1970 Cadillac Sedan DeVille acquired for teenage boy
Having owned a 1970 Cadillac for several years Scott Minesinger is well acquainted its driving character. As his son, Jack, approached driving age the father thought what better first car for his son than a 1970 Cadillac. The search began and a low-mileage, rust-free 1970 Cadillac Sedan DeVille four-door hardtop was located in Baltimore.
When the original owner of the Sedan Deville died in 2012 ownership was transferred to his grandson, but the grandson soon realized he could not garage the Cadillac as his grandfather had always done.
The senior Minesinger investigated and saw the 35,000-mile 1970 model was free of rust, dings or dents. He bought the Cadillac and drove it to his brother-in-law’s home where he could hide it until Christmas when the junior Minesinger could be presented with the Cadillac.
Records show the 1970 Sedan DeVille left the factory with an enormous 472-cubic-inch V-8 engine that developed 375 horsepower. The automatic transmission gear pattern is from the left: Park-Reverse-Neutral-Drive 1-Drive 2-Low. Optional equipment ordered by the original owner included power seats, locks, and windows; cruise control; padded vinyl roof; two exterior mirrors; tilt/telescopic steering wheel and climate control air conditioner.
Occupants of the lengthy 4,725-pound vehicle comfortably ride on the 129-inch wheelbase that supports the 18-foot, 9-inch-long Cadillac. The 26-gallon fuel tank affords a range of close to 400 miles.
Standard goodies on the Sedan DeVille include the remote trunk release, as well as the Twilight Sentinel which automatically activates the headlights.
“It’s a highway cruiser,” the senior Minesinger admits.
Since acquiring the Cadillac, father and son together have labored to return the luxury automobile to like-new condition. A new hydraulic brake system has been installed from the booster to the wheel cylinders.
All the coolant has been replaced and all of the rubber parts have been replaced with new rubber. A new engine hood pad has been ordered and a new single exhaust system has replaced the original.
In 1970, Cadillac offered a total of eleven body styles in three series on four wheelbases. When new the four-door hardtop had a base price of $6,118 with an ineffective radio antenna imbedded in the windshield.

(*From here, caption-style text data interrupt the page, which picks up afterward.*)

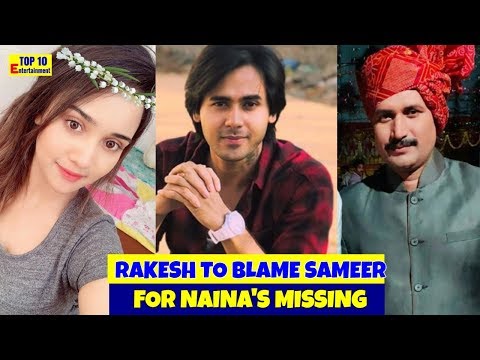 Yeh Un Dinon Ki Baat Hai Rakesh to blame Sameer for naina's missing Video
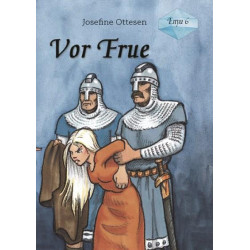 Enya, bind 6. Vor frue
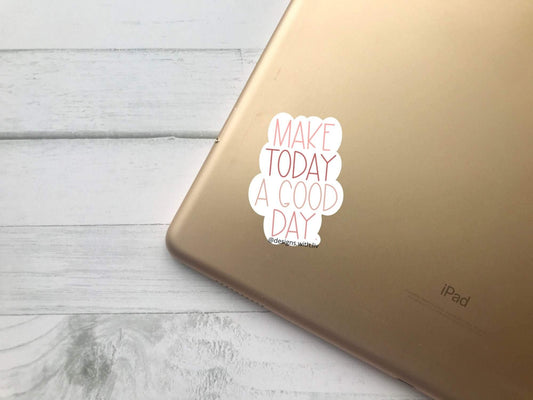 Make Today A Good Day Sticker - Designs With Liv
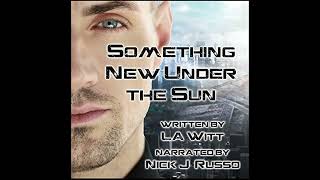 Download Lagu Something New Under the Sun Audiobook by L.A. Witt Download Lagu Something New Under the Sun Audiobook by L.A. Witt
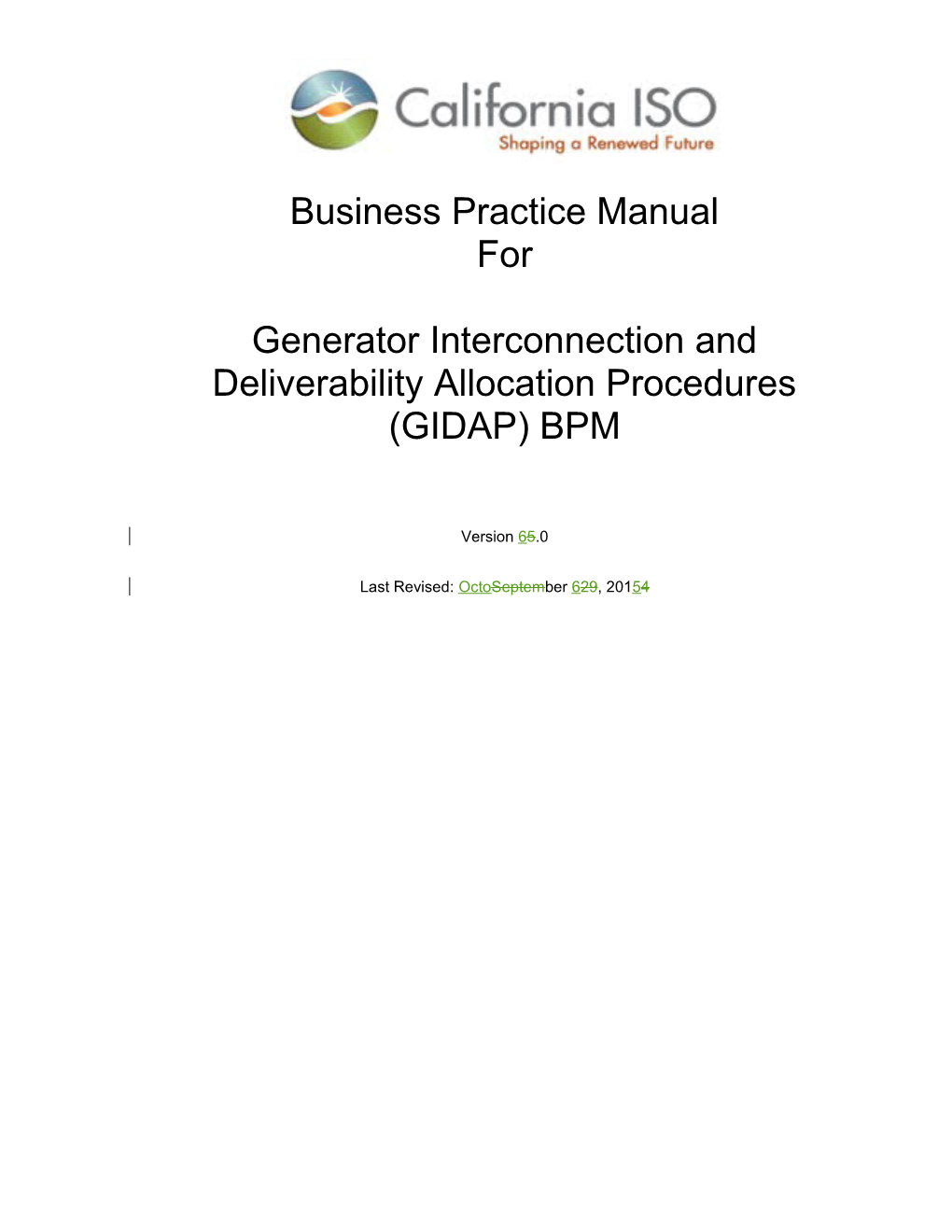 CAISO Business Practice Manualbpm for the Generator Interconnection and Deliverability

Young Jack Minesinger enjoys his silver car with the blue upholstery inside and the dark blue vinyl top outside. While at the three-spoke steering wheel the teenager takes notice of the controls for the wipers and washers on the door. The yard-long fender skirts help to hide the 15-inch tires.
Jack Minesinger has yet to acquire the “official” permit to drive the Cadillac he has made roadworthy.
“It’s basically a land yacht,” he says.